IG Jungen, Männer und Väter beim Zukunftsgespräch des BMFSFJ
Am Zukunftsgespräch „GEMEINSAM GETRENNT ERZIEHEN“ des Bundesministeriums für Familie, Senioren, Frauen und Jugend am 11.07.2017 in Berlin nahm das Who is Who des bundesdeutschen familienpolitischen Diskurses teil – aus Bundesministerien, Wissenschaft und Forschung, aus den gerichtsnahen Professionen sowie aus verschiedenen NGOs. Zum ersten Male in der Geschichte der Bundesrepublik waren nicht nur Frauenorganisationen (11 Verbände) geladen, sondern auch 3 authentische Vertreter der Interessen von Vätern: IG-JMV, VafK und Väternetzwerk. MANNdat ist Mitglied bei der IG-JMV (Interessengemeinschaft Jungen, Männer und Väter).
Handlungsbedarf bei Trennungsfamilien
Bundesfamilienministerin Dr. Katarina Barley sprach das Grußwort und nahm selbst an der Veranstaltung teil. Sie beschrieb Defizite im Ministerium („Im Haus liegt der Fokus zu wenig auf Familien nach einer Trennung“) und benannte den Handlungsbedarf (u. a. „Unterstützung für Nachtrennungsfamilien“ und „Veränderungen im Steuerrecht“).
Bestärkt wurde sie durch die präsentierten Erkenntnisse der Allensbach-Studie bzw. einer aktuellen Studie der Hertie School of Governance. Beide Institute räumten ein, bis jetzt lägen verlässliche Zahlen über getrennterziehende Väter nicht vor. Diese Väter würden durch die gängigen Statistiken schlichtweg nicht erfasst.
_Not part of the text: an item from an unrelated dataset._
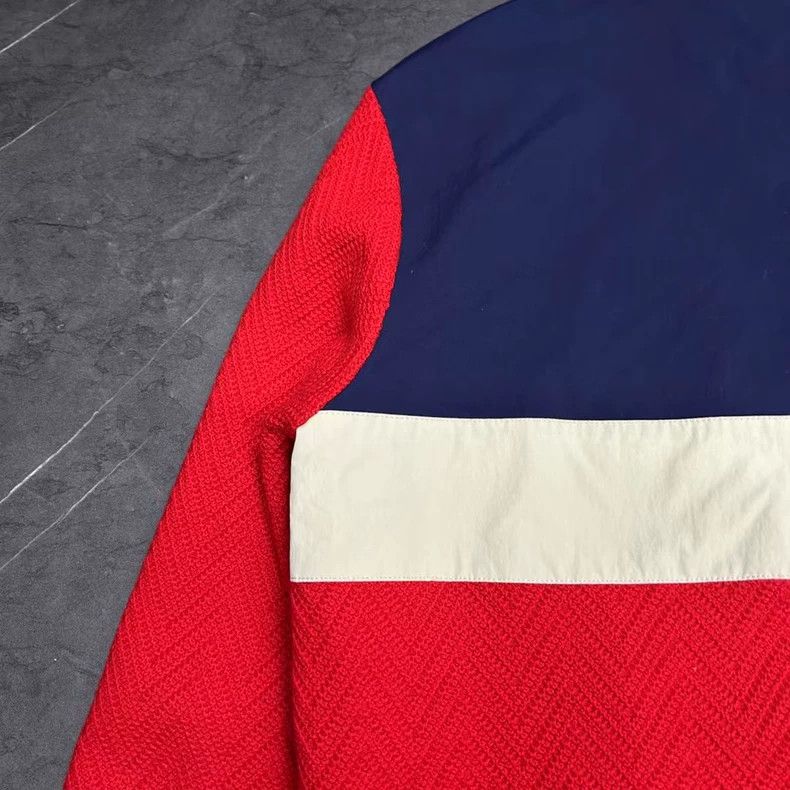 Gucci Gucci Red Blue White Hooded Jacket Size US M / EU 48-50 / 2 - 4 Thumbnail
Dr. Haumann / Allensbach stellte fest: „1/3 der Trennungsfamilien sagen JA zur gemeinsamen Betreuung“ und „90 % der gemeinsam Betreuenden haben gute Erfahrungen gemacht“. Die Bedarfe der Eltern seien unterschiedlich: Mütter wünschten sich eine bessere Fremdbetreuung (Krippenplätze). Väter hätten Bedarf an einer Minderung der Unterhaltszahlungen.
Frau Prof. Michaela Kreyenfeld / Hertie School of Governance stellte fest: „Trennungsväter sind eine relevante Gruppe“. In dieser Gruppe habe 1/3 der Trennungsväter regelmäßig Kontakt zum Kind, 1/3 habe selten Kontakt zum Kind und 1/3 der Trennungsväter erlitte Kontaktabbruch zum Kind.
Hierarchischer Ansatz im Familienrecht
Richter a. D. Jürgen Rudolph beschrieb den in Deutschland herrschenden „hierarchischen Ansatz“ im Familienrecht – durch die vorhandenen Strukturen würde Eskalation gefördert: „Wir befrieden nicht“. Er forderte frühe staatliche Interventionen; BMJV und BMFSFJ seien in der Pflicht, „rechtlich verpflichtende Rahmenbedingungen zu schaffen“.
Ähnlich argumentierte Marc Serafin / Jugendämter Niederkassel: Er bedauerte die „Retraditionalisierung im Trennungsfall“ durch die „institutionelle Praxis des Residenzmodells“. Serafin forderte ein neues Leitbild: „Partnerschaftliche Aufteilung nach einer Trennung‘“. Weg vom Residenzmodell – hin zu Shared Parenting. Serafin forderte Änderungen im SGB VIII § 18: weg von der ausschließlichen Beratung eines Elternteils durch die Jugendämter, hin zur standardisierten Beratung beider Eltern. Jugendämter müssten dafür qualifiziert werden.
Frau Prof. Hildegund Sünderhauf berichtete vom australischen Umgang mit Trennungseltern durch obligatorische Mediation in den Family Relationship Centers FRC. Dadurch seien die Gerichtsverfahren erheblich zurückgegangen.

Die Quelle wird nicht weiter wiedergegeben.